• Activity:
Below are the entries; transcribe them exactly and drop every picture.

Brief descriptive captions

* * * * *

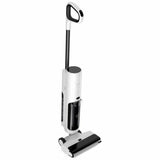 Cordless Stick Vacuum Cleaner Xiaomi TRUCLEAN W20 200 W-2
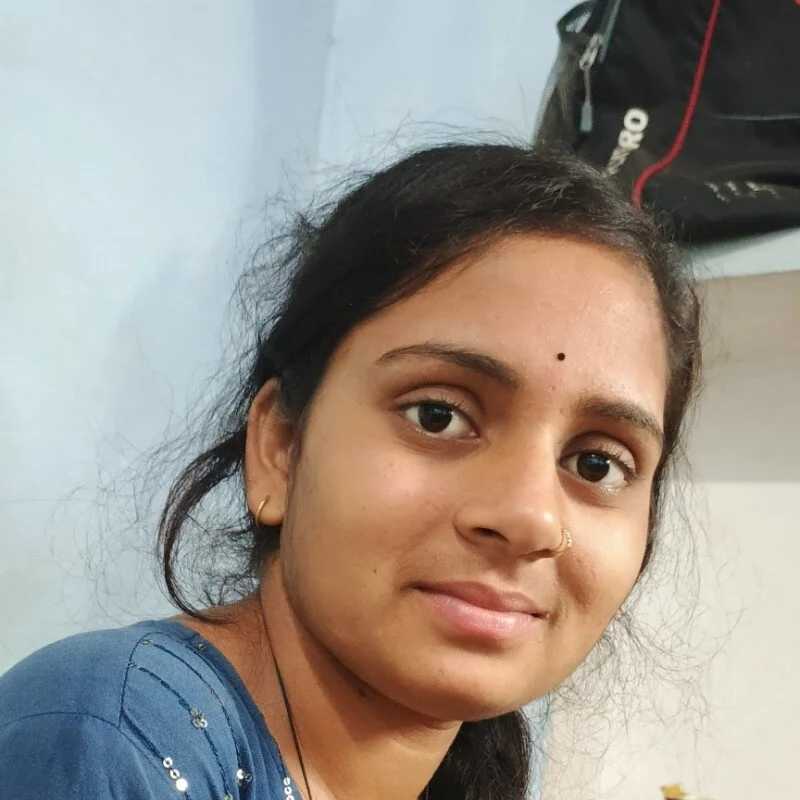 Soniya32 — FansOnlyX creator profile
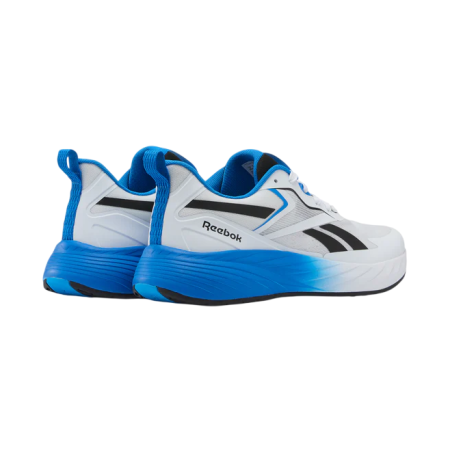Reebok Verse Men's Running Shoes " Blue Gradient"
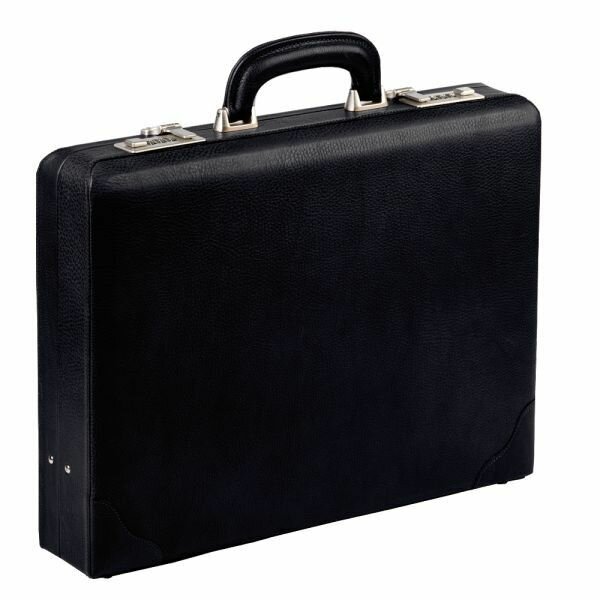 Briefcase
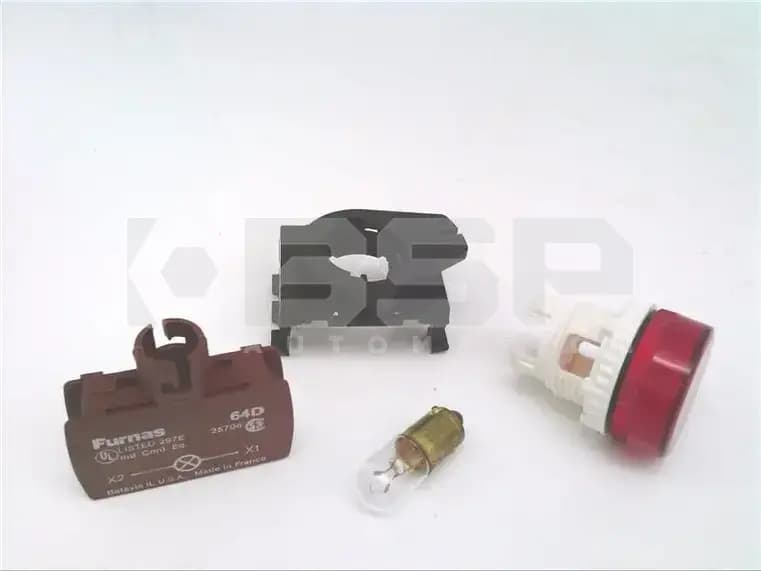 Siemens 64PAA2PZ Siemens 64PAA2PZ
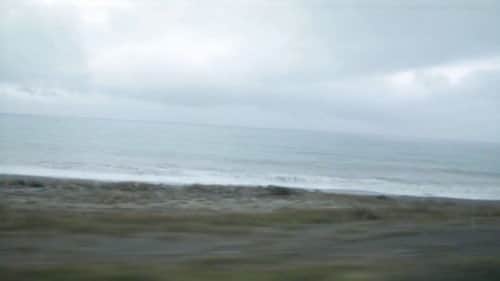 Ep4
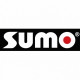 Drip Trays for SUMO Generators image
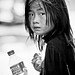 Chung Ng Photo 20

* * * * *

• Exercise answer:
 Cordless Stick Vacuum Cleaner Xiaomi TRUCLEAN W20 200 W-2
 Soniya32 — FansOnlyX creator profile
Reebok Verse Men's Running Shoes " Blue Gradient"
 Briefcase
 Siemens 64PAA2PZ Siemens 64PAA2PZ
 Ep4
 Drip Trays for SUMO Generators image
 Chung Ng Photo 20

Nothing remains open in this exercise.